What you should do | Please set down word for word every line from the one holding "Joy Corners Holstein" to the end of the data below, both included.

(Extracted data entries)
• • • • • • •

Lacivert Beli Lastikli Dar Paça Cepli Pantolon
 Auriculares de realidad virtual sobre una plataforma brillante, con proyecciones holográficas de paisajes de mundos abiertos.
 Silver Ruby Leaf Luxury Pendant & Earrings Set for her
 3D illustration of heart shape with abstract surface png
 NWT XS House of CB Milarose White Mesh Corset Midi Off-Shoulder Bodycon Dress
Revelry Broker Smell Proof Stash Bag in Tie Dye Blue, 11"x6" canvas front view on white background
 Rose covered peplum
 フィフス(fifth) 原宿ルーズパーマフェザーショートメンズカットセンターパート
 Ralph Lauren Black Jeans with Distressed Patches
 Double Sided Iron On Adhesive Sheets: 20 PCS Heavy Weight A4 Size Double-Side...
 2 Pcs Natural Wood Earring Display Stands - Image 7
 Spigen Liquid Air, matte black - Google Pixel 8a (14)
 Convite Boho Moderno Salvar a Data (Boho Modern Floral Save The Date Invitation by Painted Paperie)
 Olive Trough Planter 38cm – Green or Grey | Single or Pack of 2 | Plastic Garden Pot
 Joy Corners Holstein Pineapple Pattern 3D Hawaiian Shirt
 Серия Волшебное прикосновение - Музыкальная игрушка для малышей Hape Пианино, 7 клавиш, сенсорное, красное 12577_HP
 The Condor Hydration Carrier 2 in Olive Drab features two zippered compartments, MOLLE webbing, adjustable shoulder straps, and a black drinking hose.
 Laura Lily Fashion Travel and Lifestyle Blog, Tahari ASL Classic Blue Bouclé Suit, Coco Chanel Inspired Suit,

• • • • • • •

Exercise output |
 Joy Corners Holstein Pineapple Pattern 3D Hawaiian Shirt
 Серия Волшебное прикосновение - Музыкальная игрушка для малышей Hape Пианино, 7 клавиш, сенсорное, красное 12577_HP
 The Condor Hydration Carrier 2 in Olive Drab features two zippered compartments, MOLLE webbing, adjustable shoulder straps, and a black drinking hose.
 Laura Lily Fashion Travel and Lifestyle Blog, Tahari ASL Classic Blue Bouclé Suit, Coco Chanel Inspired Suit,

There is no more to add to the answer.